Then they took a chance in reform No. 2. For a while that one prospered and they got much applause.

One morning this stepnephew of mine, Loomis, met Buckly on the street and said: “You have made a gallant struggle against those defects of yours. I am aware that you failed on No. 1, but I am also aware that you are having better luck with No. 2.”

“Yes,” Buckly said, “No. 2 is all right and sound up to date, and we are full of hope.”

Loomis said: “Buckly, of course you have your troubles like other people, but they never show on the outside. I have never seen you when you were not cheerful. Are you always cheerful? Really always cheerful?”

“Well no,” he said. “No, I can’t say that I am always cheerful, but⁠—Well, you know that kind of a night that comes; you wake up way in the night and the whole world is sunk in gloom and there are storms and earthquakes and all sorts of disasters in the air threatening and you get cold and chill; and when that happens to me I recognize how sinful I am and it goes all clear to my heart and wrings it and I have such terrors and terrors⁠—oh, they are indescribable, those terrors that assail and thrill me, and I slip out of bed and get on my knees and pray and pray and pray and promise that I will be good, etc. And then, you know, in the morning the sun shines out so lovely and the birds sing and the whole world is so beautiful, and⁠—b’ god! I rally!”

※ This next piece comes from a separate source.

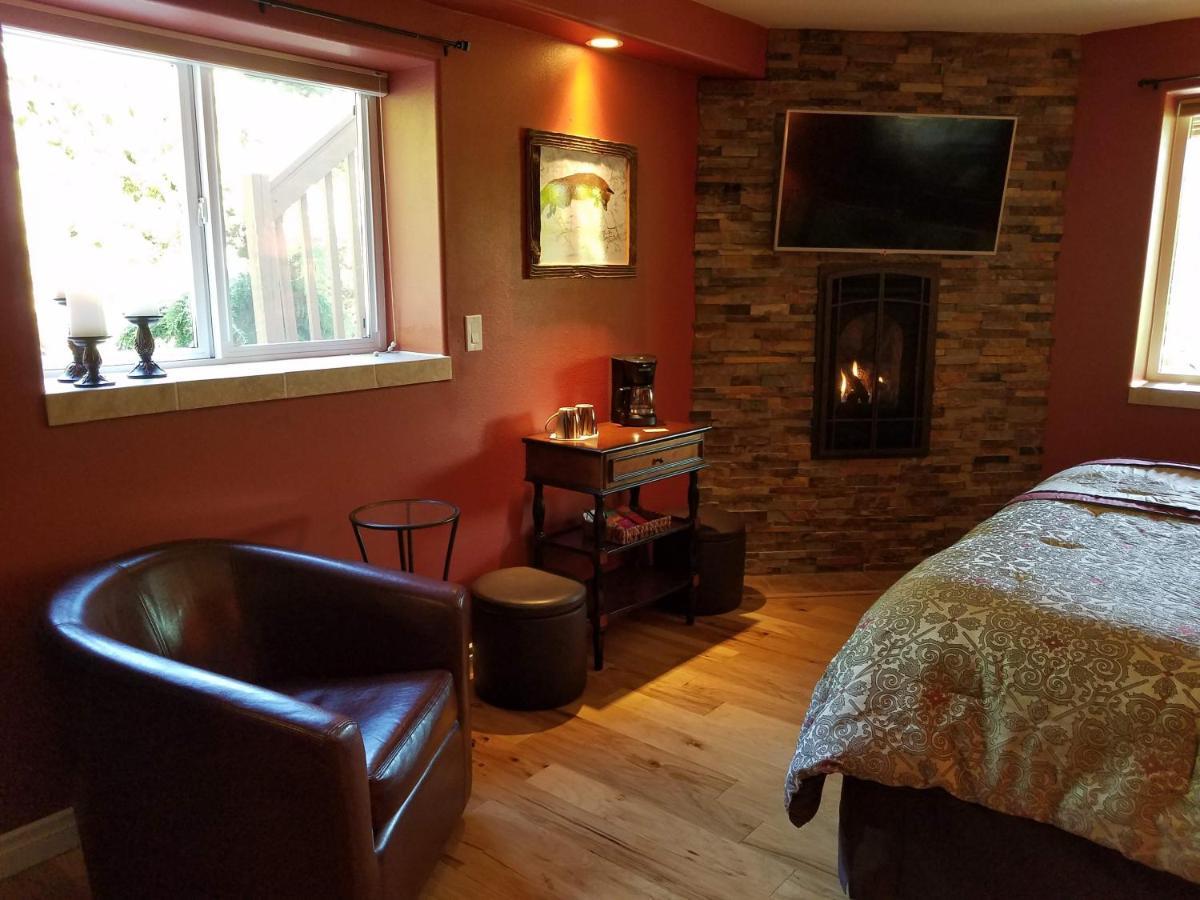 Fox Den Bed & Breakfast Левънуърт Екстериор снимка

Now I will quote a brief paragraph from this letter which I have received from Mr. Tonkray. He says:

You no doubt are at a loss to know who I am. I will tell you. In my younger days I was a resident of Hannibal, Mo., and you and I were schoolmates attending Mr. Dawson’s school along with Sam and Will Bowen and Andy Fuqua and others whose names I have forgotten. I was then about the smallest boy in school, for my age, and they called me little Aleck Tonkray for short.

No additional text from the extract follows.